┌─ Data supplied

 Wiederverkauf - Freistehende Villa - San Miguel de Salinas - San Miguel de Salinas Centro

└─
┌─ Data supplied

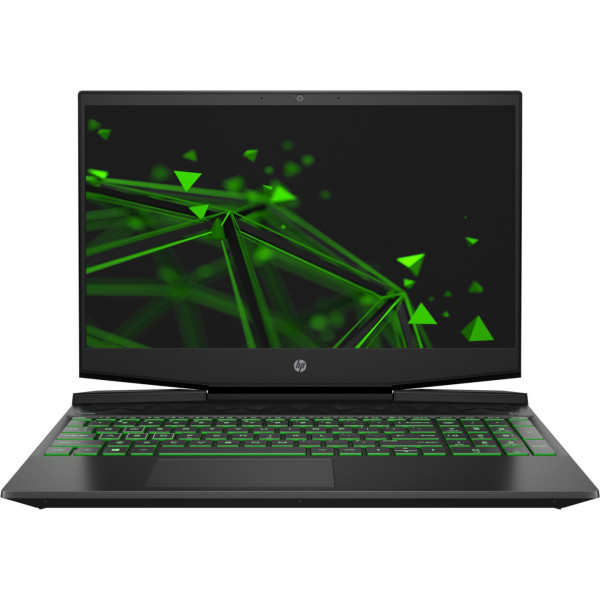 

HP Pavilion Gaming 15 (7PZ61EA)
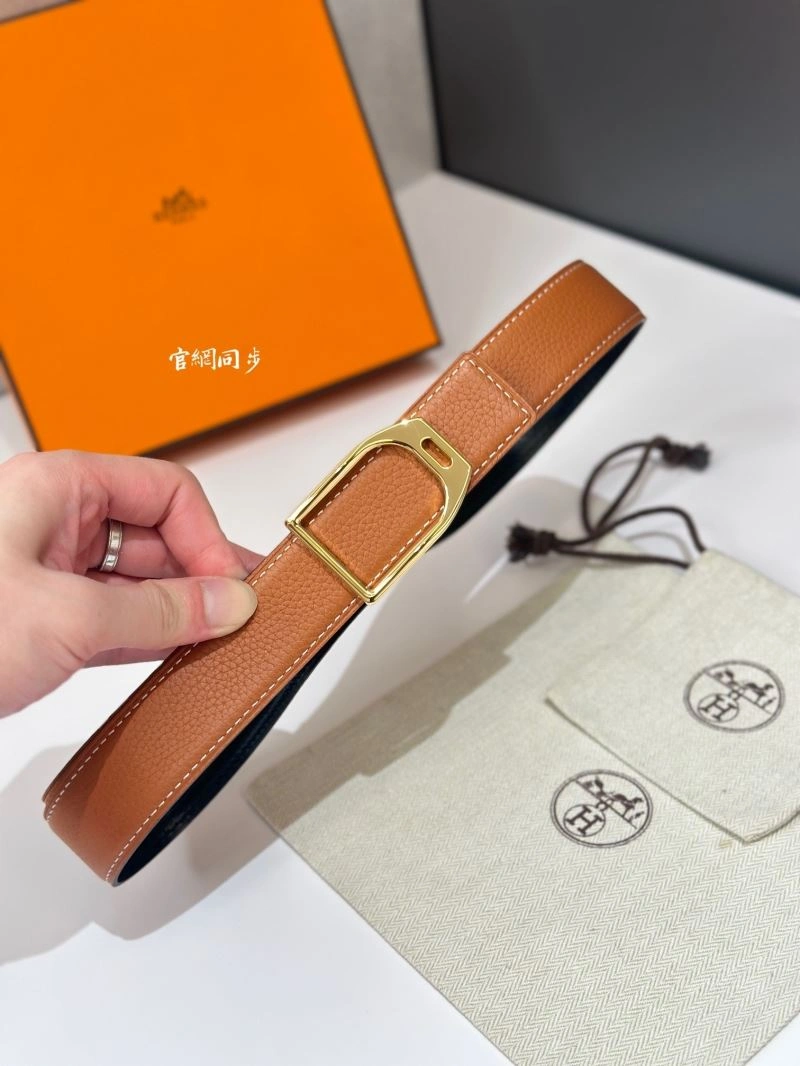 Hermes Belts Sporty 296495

└─
┌─ Data supplied

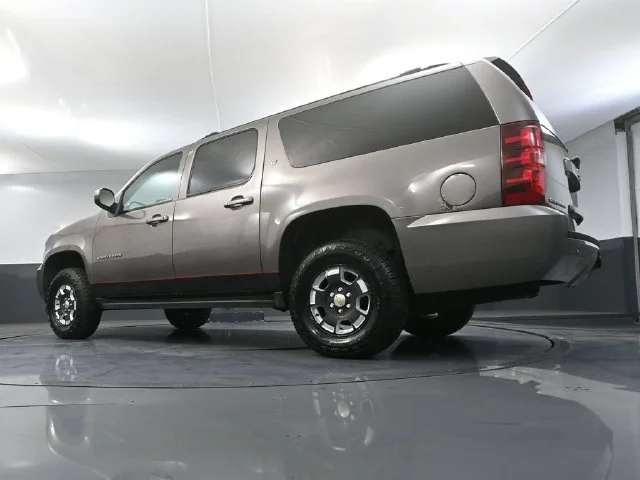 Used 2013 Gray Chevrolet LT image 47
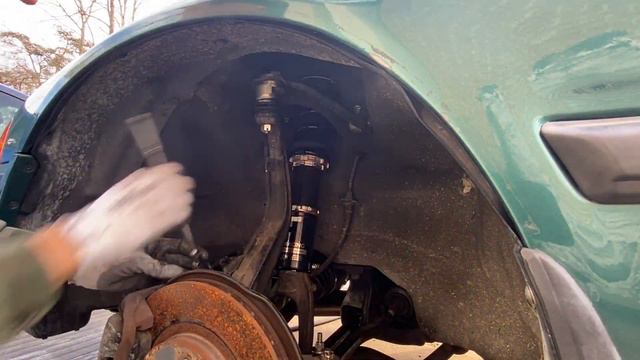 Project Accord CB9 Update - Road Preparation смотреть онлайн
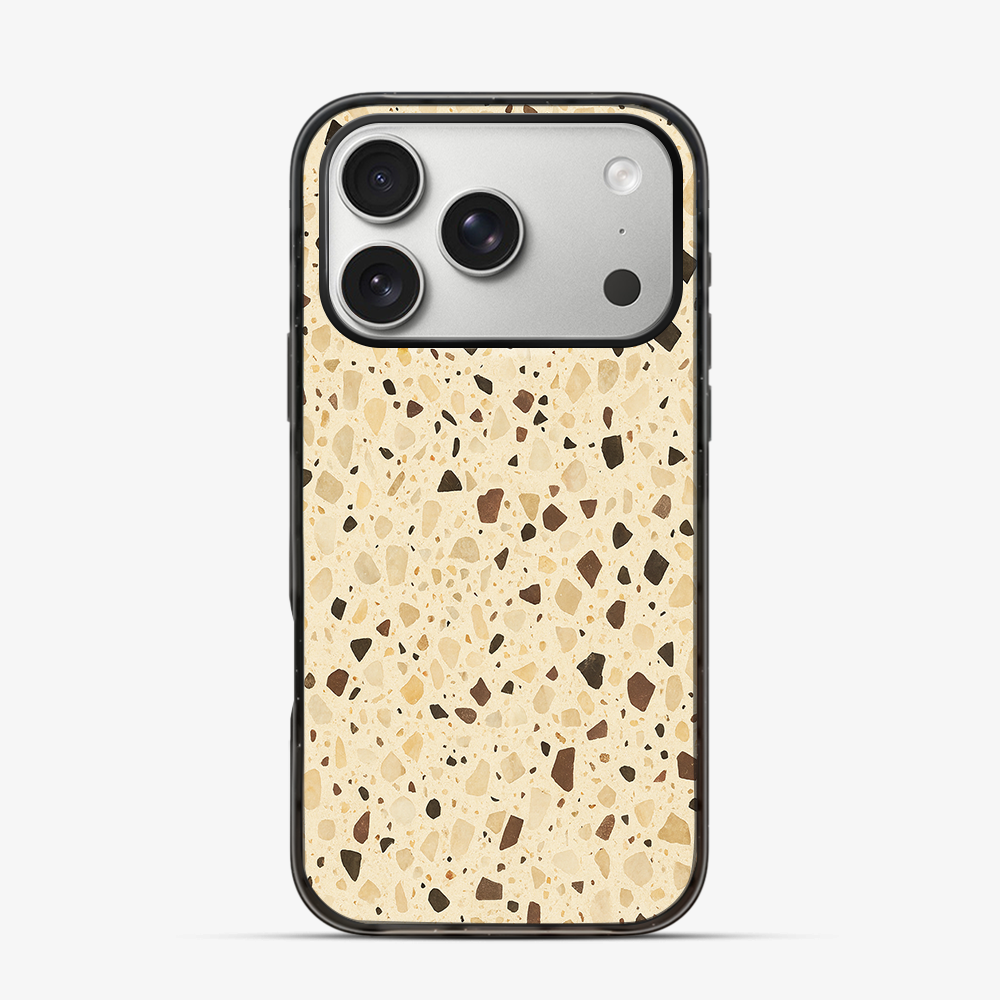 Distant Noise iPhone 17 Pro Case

└─

Work item
Above are the records. Copy only the lines from the one with "HP Pavilion Gaming 15 (7PZ61EA)" through the one with "Hermes Belts Sporty 296495", exactly, with no pictures.

Result of the task
HP Pavilion Gaming 15 (7PZ61EA)
 Hermes Belts Sporty 296495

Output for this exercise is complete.